■ **Exercise instructions**:
Everything from the line with "T-shirt - Picture 1 of 3" to the line with "A Multi-Functional Grape-Scented" in the listing below, both lines included, needs to be copied exactly, apart from the pictures.

■ **Record set**:
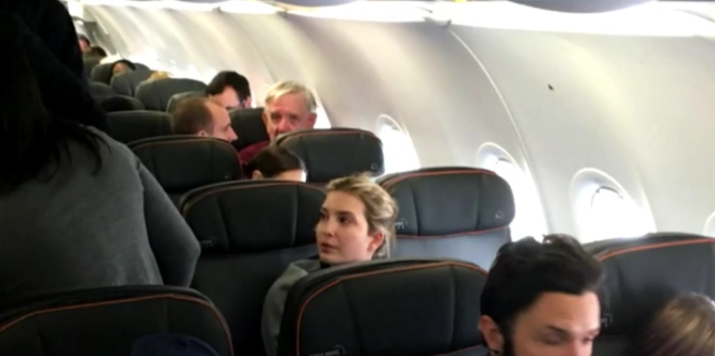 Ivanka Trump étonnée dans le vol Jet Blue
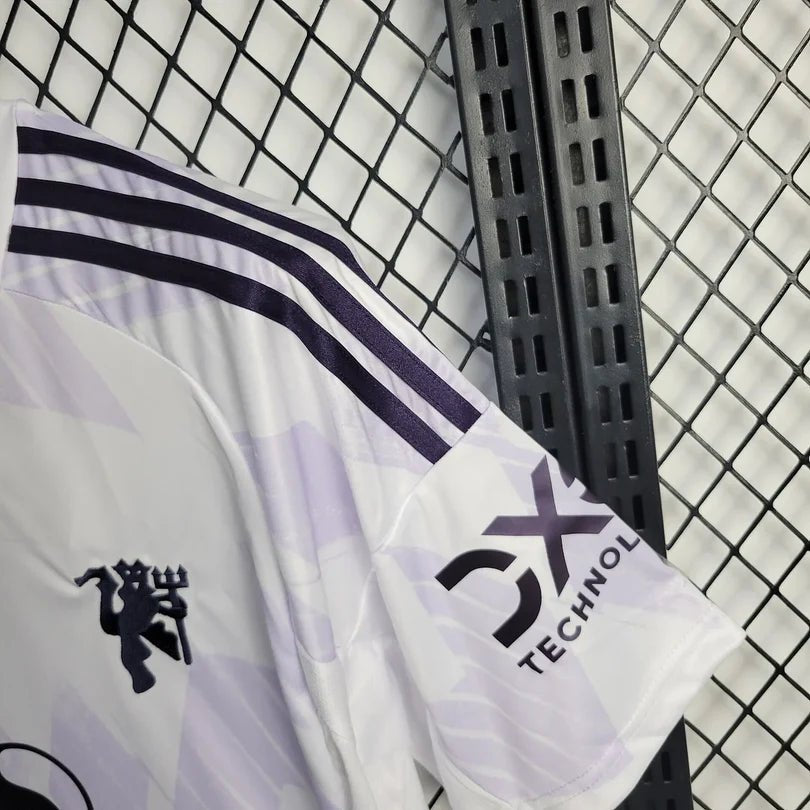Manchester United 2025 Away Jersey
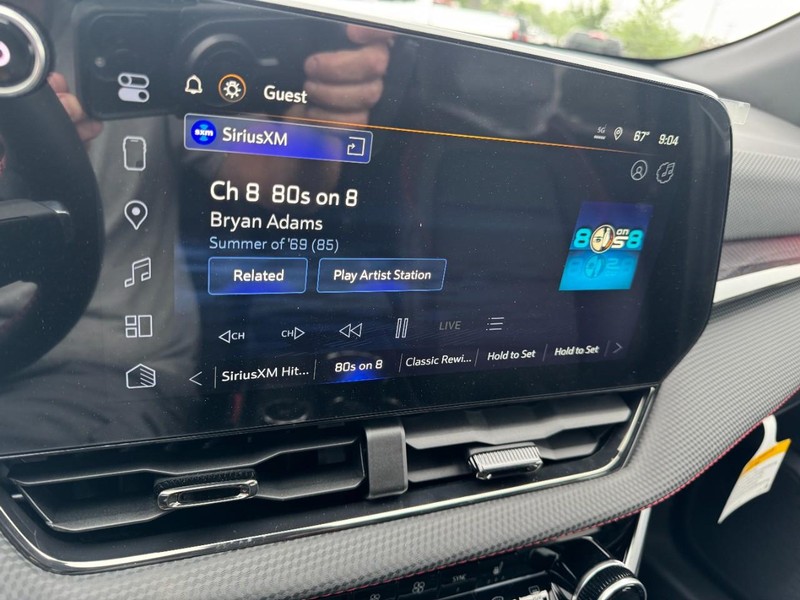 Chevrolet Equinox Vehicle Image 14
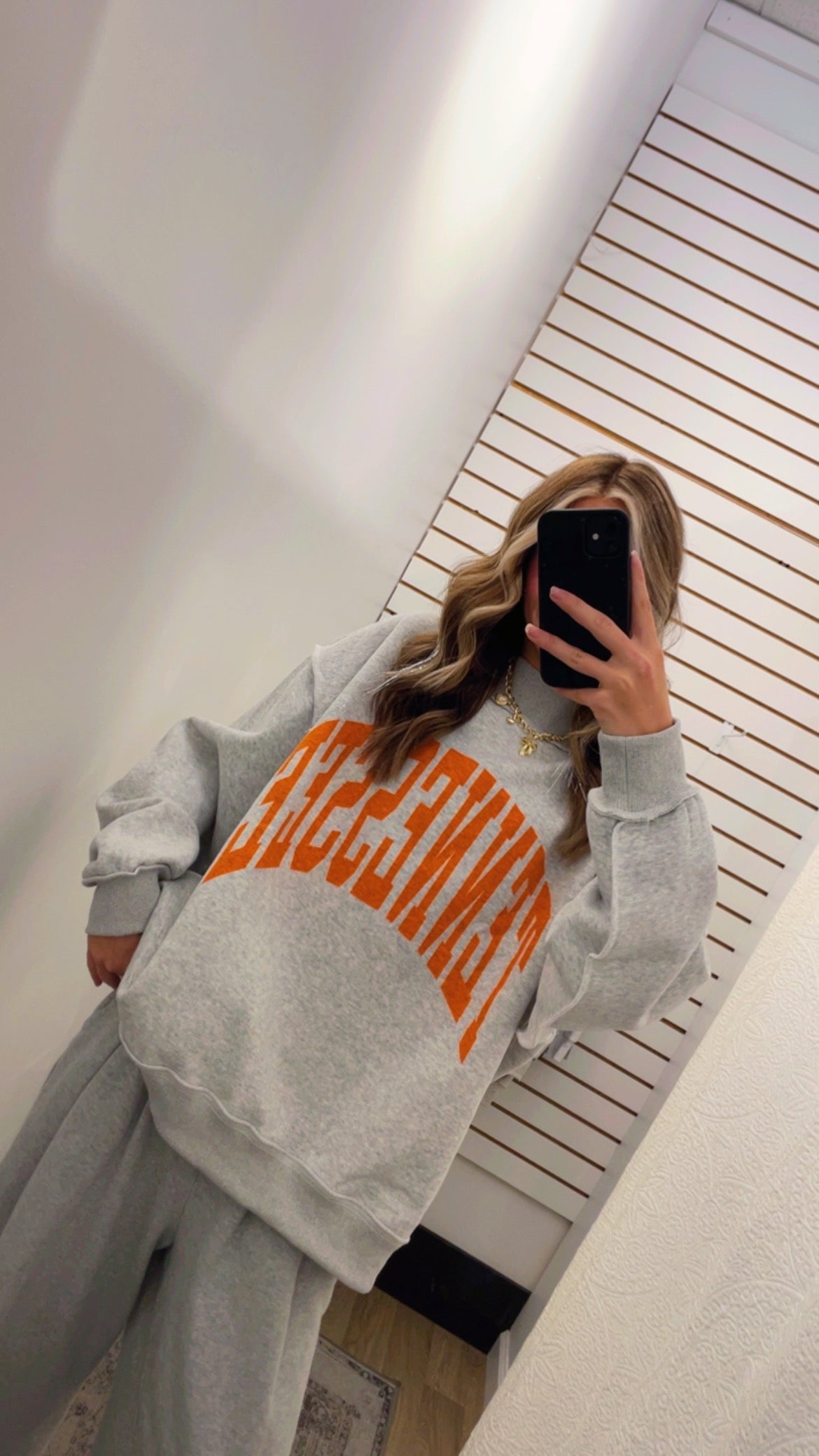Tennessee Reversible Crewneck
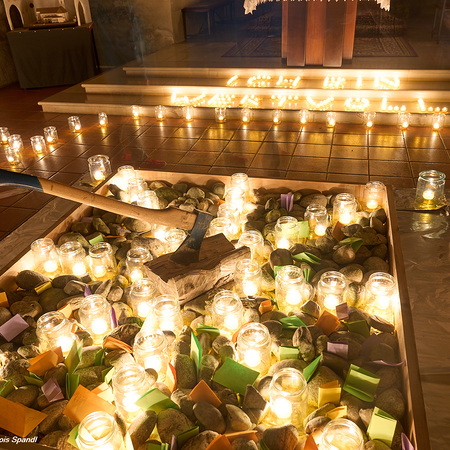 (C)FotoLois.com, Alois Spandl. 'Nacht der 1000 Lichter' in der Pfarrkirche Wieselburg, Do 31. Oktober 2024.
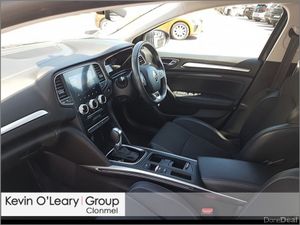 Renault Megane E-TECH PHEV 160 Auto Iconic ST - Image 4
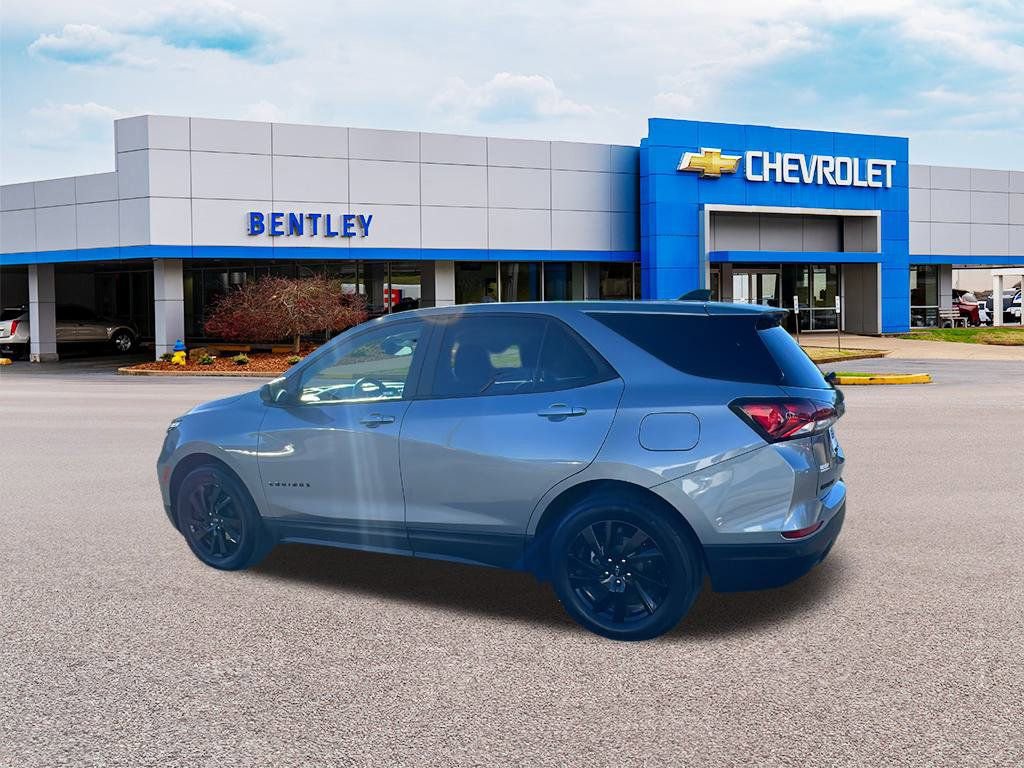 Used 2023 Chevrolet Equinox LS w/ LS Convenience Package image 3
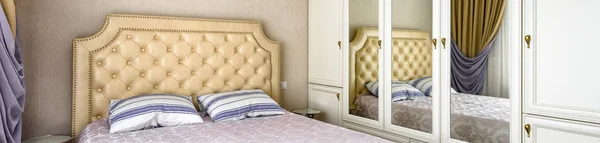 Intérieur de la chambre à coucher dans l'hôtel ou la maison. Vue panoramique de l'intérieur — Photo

---

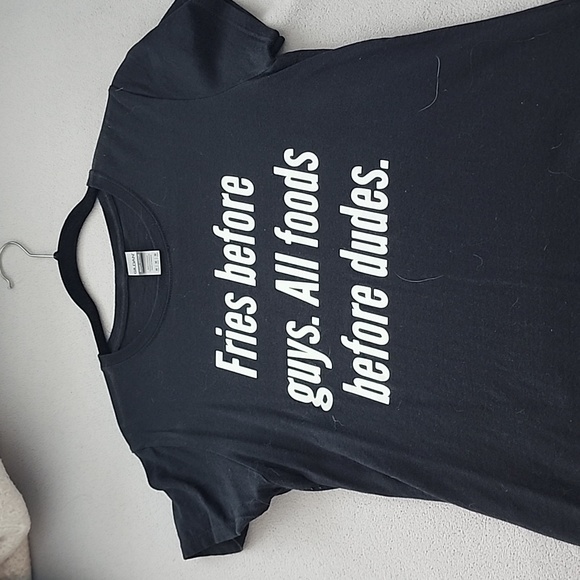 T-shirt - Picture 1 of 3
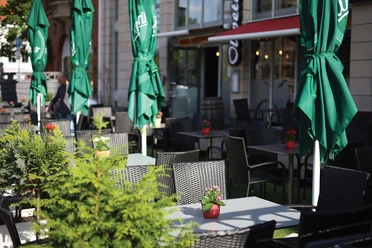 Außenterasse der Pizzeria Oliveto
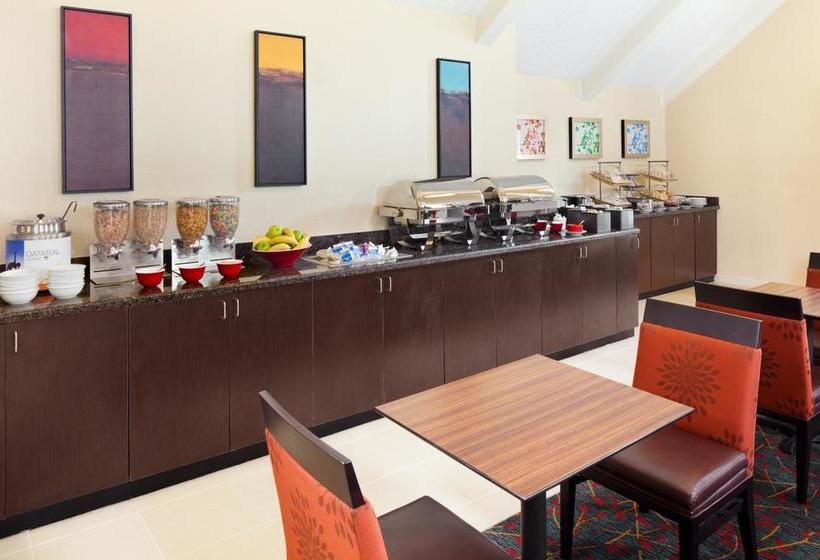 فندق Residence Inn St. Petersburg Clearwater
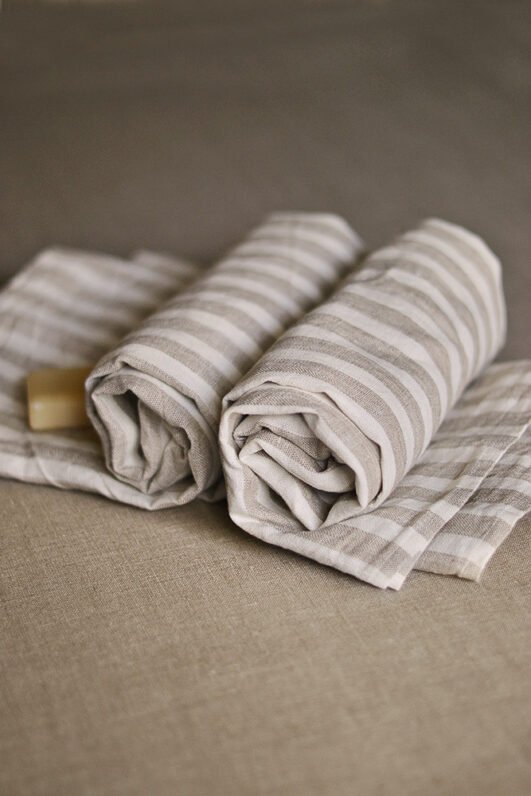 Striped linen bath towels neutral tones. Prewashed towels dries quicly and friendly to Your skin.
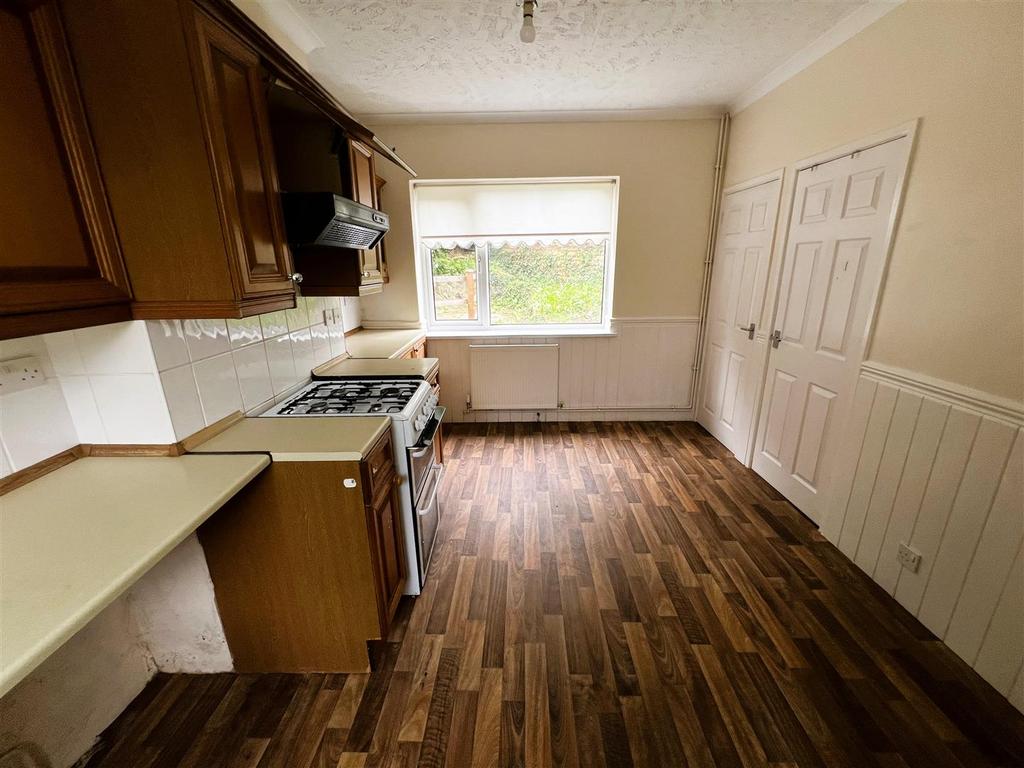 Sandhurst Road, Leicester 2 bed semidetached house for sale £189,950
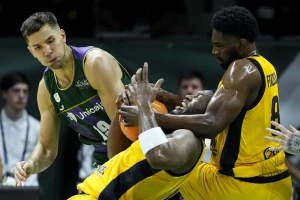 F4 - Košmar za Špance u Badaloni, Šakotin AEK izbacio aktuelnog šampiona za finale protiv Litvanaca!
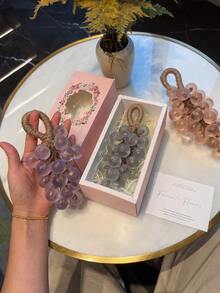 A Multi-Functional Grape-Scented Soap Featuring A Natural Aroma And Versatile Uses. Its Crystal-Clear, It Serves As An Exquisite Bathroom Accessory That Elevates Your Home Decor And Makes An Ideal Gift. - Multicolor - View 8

■ **Result of the exercise**:
 T-shirt - Picture 1 of 3
 Außenterasse der Pizzeria Oliveto
 فندق Residence Inn St. Petersburg Clearwater
 Striped linen bath towels neutral tones. Prewashed towels dries quicly and friendly to Your skin.
 Sandhurst Road, Leicester 2 bed semidetached house for sale £189,950
 F4 - Košmar za Špance u Badaloni, Šakotin AEK izbacio aktuelnog šampiona za finale protiv Litvanaca!
 A Multi-Functional Grape-Scented Soap Featuring A Natural Aroma And Versatile Uses. Its Crystal-Clear, It Serves As An Exquisite Bathroom Accessory That Elevates Your Home Decor And Makes An Ideal Gift. - Multicolor - View 8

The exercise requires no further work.